> PROBLEM TO SOLVE
From the listing below, extract every line in which the word "Unit" appears.

> GIVEN DATA
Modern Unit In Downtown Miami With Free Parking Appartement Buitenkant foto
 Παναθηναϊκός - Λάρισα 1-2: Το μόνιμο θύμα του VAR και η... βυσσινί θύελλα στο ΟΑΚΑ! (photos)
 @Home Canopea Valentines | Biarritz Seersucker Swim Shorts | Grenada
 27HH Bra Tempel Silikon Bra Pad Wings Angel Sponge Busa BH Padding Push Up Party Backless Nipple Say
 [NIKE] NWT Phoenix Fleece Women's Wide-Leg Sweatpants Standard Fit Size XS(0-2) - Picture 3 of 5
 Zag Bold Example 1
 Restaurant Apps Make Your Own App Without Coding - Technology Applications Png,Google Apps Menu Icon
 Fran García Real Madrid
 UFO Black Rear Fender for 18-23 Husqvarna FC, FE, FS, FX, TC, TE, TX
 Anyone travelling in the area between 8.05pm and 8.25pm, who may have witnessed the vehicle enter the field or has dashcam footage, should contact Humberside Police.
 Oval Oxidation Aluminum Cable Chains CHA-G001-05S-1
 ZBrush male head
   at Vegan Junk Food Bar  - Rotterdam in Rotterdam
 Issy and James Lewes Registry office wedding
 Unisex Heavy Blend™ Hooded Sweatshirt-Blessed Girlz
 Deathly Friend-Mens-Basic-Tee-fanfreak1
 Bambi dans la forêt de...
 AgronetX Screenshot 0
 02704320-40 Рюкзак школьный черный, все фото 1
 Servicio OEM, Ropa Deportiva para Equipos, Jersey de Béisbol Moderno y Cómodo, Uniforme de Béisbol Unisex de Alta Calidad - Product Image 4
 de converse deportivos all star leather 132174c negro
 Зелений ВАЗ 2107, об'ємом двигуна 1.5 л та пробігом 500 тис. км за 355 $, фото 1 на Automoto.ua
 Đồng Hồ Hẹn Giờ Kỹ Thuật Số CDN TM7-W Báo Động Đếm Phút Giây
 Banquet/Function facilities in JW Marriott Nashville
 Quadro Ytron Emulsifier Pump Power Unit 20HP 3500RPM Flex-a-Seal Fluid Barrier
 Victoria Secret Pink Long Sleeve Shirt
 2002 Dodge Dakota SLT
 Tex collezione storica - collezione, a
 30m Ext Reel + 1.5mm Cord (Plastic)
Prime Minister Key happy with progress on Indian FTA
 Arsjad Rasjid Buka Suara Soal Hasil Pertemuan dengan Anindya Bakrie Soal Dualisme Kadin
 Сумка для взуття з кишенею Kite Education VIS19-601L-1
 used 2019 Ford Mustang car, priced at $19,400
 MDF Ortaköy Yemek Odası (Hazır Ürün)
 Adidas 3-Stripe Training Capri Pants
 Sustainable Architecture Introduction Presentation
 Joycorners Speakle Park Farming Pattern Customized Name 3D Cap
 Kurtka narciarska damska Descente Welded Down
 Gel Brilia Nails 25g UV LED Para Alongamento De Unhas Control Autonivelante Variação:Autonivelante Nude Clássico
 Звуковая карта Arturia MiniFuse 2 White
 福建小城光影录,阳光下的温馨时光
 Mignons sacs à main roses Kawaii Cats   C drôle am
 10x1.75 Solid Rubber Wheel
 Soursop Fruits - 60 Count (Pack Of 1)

> COMPLETED EXERCISE
Modern Unit In Downtown Miami With Free Parking Appartement Buitenkant foto
 Quadro Ytron Emulsifier Pump Power Unit 20HP 3500RPM Flex-a-Seal Fluid Barrier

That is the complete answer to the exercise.